(Work item) Starting from the line that holds "dining area with", print every line through the end of the records, first and last included.

(Dataset entries)
====================

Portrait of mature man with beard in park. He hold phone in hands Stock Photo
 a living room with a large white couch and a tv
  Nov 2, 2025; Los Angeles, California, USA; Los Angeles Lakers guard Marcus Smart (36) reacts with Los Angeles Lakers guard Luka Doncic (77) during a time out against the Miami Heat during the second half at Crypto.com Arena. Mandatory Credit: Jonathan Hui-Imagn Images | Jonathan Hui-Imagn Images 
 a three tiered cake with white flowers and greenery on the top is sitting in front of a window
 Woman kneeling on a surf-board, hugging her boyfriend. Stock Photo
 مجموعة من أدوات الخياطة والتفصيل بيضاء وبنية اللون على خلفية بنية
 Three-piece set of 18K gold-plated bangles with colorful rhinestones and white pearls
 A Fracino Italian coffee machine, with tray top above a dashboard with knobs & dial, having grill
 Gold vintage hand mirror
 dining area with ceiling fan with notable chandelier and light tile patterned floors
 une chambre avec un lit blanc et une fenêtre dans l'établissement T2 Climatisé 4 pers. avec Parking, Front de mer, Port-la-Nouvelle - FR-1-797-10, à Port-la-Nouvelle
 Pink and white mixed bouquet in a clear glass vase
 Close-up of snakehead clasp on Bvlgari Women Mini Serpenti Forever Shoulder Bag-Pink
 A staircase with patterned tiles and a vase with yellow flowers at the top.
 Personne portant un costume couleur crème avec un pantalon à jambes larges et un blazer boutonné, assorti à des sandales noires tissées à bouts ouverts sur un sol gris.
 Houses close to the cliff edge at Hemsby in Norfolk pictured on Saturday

====================

(Answer to the exercise)
 dining area with ceiling fan with notable chandelier and light tile patterned floors
 une chambre avec un lit blanc et une fenêtre dans l'établissement T2 Climatisé 4 pers. avec Parking, Front de mer, Port-la-Nouvelle - FR-1-797-10, à Port-la-Nouvelle
 Pink and white mixed bouquet in a clear glass vase
 Close-up of snakehead clasp on Bvlgari Women Mini Serpenti Forever Shoulder Bag-Pink
 A staircase with patterned tiles and a vase with yellow flowers at the top.
 Personne portant un costume couleur crème avec un pantalon à jambes larges et un blazer boutonné, assorti à des sandales noires tissées à bouts ouverts sur un sol gris.
 Houses close to the cliff edge at Hemsby in Norfolk pictured on Saturday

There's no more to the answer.